From Publishers Weekly
Beginning with a nasty shock and ending with a nastier one, the ninth Jenny Cain mystery (after But I Wouldn't Want to Die There ) sets the plucky amateur sleuth from Port Frederick, Mass., on a complex, somewhat contrived, emotionally demanding course. One steaming August day, Jenny, recently resigned as director of a foundation, and her police lieutenant husband, Geof Bushfield, are visited at home by angry 17-year-old David Mayer, who announces that he is Geof's illegitimate son by Judy Mayer, a high school classmate of Geof's. The winter before, Judy, an invalid, had been killed by her husband Ron, who then committed suicide. David, foul-mouthed and hateful, demands that Geof reopen the case and prove the deaths were murders.
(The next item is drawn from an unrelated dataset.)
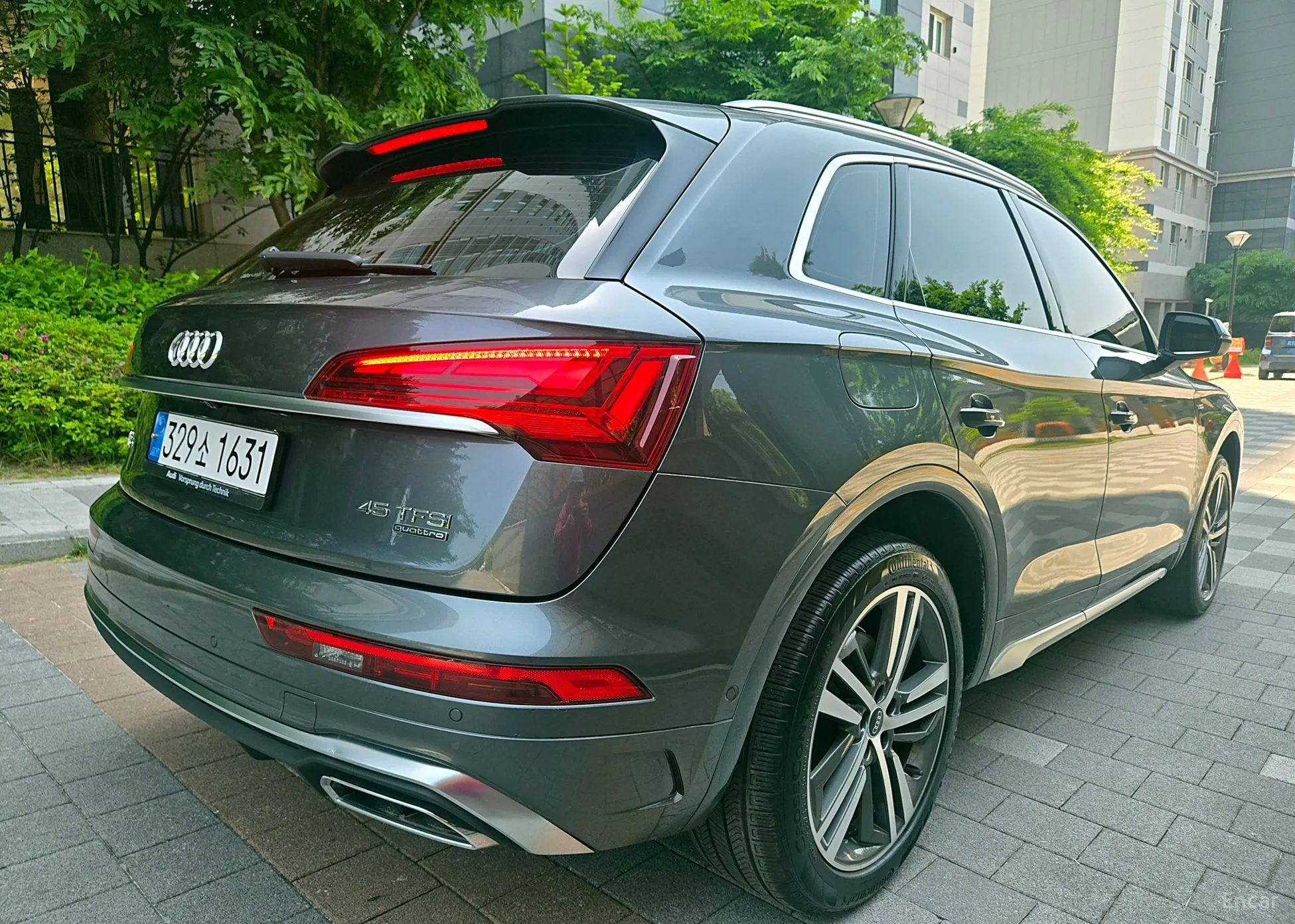 Audi Q5 (FY) превью 5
Confessing to having had a one-night stand with Judy during high school, Geof readily, almost eagerly, accepts David's story; Jenny, however, is upset and skeptical. As the two of them investigate, dead animals appear around their house, and Dennis Clemmons, an ex-husband of Judy's, dies in suspicious circumstances. Judy proves to have been an expert, inveterate liar. The tension increases as videotapes--of Judy and Clemmons confessing to sins--lead Geof to a farm, a cult of flagellants and painful danger before the questions of young David's paternity--and Jenny's ambivalent responses--are finally put to rest. Author tour; Mystery Guild selection.
Copyright 1994 Reed Business Information, Inc.
From Library Journal
The Agatha Award-winning author of Bum Steer and I.O.U. takes her turn at twisting a half-familiar plot line: a boy claiming to be the biological son of Massachusetts policeman Geof Bushfield turns up on his doorstep, asking that Bushfield investigate the murder/suicide of his parents.